Trois entreprises suisses figurent parmi les 100 plus grosses capitalisations mondiales. Les géants pharmaceutiques bâlois Roche et Novartis, ainsi que le groupe alimentaire vaudois Nestlé se classent même parmi les vingt entreprises ayant le plus de valeur.

Roche affiche une capitalisation boursière de 232 milliards de dollars (208 milliards de francs) et se hisse à la 11e place, selon une étude du cabinet d'audit et de conseils Ernst & Young publiée jeudi. Avec un montant de 229 milliards de dollars, Nestlé se classe au 13e rang. Novartis arrive lui à la 18e marche du podium avec une valeur de 212 milliards de dollars.

Les trois firmes helvétiques ont de surcroît augmenté leur valeur boursière d'environ un cinquième (118 milliards de dollars) et totalisent 674 milliards de dollars. Au niveau mondial, la valeur boursière des sociétés a progressé de 15%. Celle des entreprises américaines a augmenté de 23%.

La prochaine entreprise helvétique est UBS qui occupe le 124e rang, avec une valeur boursière de 71 milliards de dollars. Dans le classement général, la Suisse emboîte le pas aux Etats-Unis, à la Grande-Bretagne, à la Chine, à l'Allemagne, à la France et à l'Australie.

Les Etats-Unis au top

Les entreprises américaines continuent à dominer le classement. Il ressort que 47 des 100 plus grosses capitalisations boursières mondiales viennent des Etats-Unis, soit quatre de plus qu'il y a un an.

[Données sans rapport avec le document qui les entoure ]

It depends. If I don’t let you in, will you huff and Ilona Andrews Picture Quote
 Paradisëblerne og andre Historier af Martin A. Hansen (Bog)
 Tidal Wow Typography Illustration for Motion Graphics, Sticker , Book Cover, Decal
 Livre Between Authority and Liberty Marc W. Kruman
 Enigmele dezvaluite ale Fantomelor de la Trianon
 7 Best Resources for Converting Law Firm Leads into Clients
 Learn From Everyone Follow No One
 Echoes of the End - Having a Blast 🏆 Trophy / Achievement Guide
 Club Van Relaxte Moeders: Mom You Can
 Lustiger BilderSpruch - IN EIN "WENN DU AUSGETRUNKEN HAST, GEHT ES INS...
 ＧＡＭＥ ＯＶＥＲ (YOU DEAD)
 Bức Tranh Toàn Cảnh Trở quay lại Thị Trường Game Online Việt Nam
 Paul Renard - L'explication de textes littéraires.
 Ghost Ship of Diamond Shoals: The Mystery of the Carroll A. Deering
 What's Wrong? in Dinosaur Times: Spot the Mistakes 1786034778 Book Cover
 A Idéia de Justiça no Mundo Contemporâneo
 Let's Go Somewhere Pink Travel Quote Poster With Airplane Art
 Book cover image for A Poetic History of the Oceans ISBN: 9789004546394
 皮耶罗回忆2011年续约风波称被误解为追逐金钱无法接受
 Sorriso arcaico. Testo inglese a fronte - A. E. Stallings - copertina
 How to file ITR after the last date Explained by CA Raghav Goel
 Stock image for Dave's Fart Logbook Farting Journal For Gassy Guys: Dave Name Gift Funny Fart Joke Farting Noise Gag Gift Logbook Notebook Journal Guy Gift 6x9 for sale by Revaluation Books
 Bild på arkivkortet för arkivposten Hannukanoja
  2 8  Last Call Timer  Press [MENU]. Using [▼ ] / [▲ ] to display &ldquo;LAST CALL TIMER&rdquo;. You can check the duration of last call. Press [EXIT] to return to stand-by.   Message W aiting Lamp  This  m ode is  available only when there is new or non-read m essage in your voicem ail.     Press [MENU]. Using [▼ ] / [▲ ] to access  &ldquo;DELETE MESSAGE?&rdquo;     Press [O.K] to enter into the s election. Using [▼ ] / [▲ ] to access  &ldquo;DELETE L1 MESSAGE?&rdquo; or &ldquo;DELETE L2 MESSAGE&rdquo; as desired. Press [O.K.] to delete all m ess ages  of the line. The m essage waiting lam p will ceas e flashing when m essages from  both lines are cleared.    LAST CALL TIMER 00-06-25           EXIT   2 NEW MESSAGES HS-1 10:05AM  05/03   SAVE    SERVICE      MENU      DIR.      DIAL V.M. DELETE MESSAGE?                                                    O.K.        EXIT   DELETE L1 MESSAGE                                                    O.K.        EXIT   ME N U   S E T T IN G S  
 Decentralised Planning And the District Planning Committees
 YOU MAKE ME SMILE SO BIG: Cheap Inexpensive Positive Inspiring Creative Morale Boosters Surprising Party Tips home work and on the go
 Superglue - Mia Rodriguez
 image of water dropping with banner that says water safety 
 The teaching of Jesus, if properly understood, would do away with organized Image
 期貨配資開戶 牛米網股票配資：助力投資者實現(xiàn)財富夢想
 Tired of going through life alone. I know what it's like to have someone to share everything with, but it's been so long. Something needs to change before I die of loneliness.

Le géant informatique américain Apple reste l'entreprise la plus chère au monde et affiche 490 milliards de dollars - 10 milliards de moins qu'en 2012. Le géant du pétrole Exxon enregistre de son côté une capitalisation boursière de 434 milliards de dollars, suivi par Google avec 363 milliards.

L'Europe à la traîne

Trente-deux sociétés européennes figurent dans les 100 premières (deux de moins que l'année passée), mais aucune d'entre elles ne se trouve dans le top 10.

De nombreux pays européens subissent encore les conséquences de la crise financière, d'une économie atone et des prix de l'énergie, confirme un expert chez Ernst & Young, Louis Siegrist.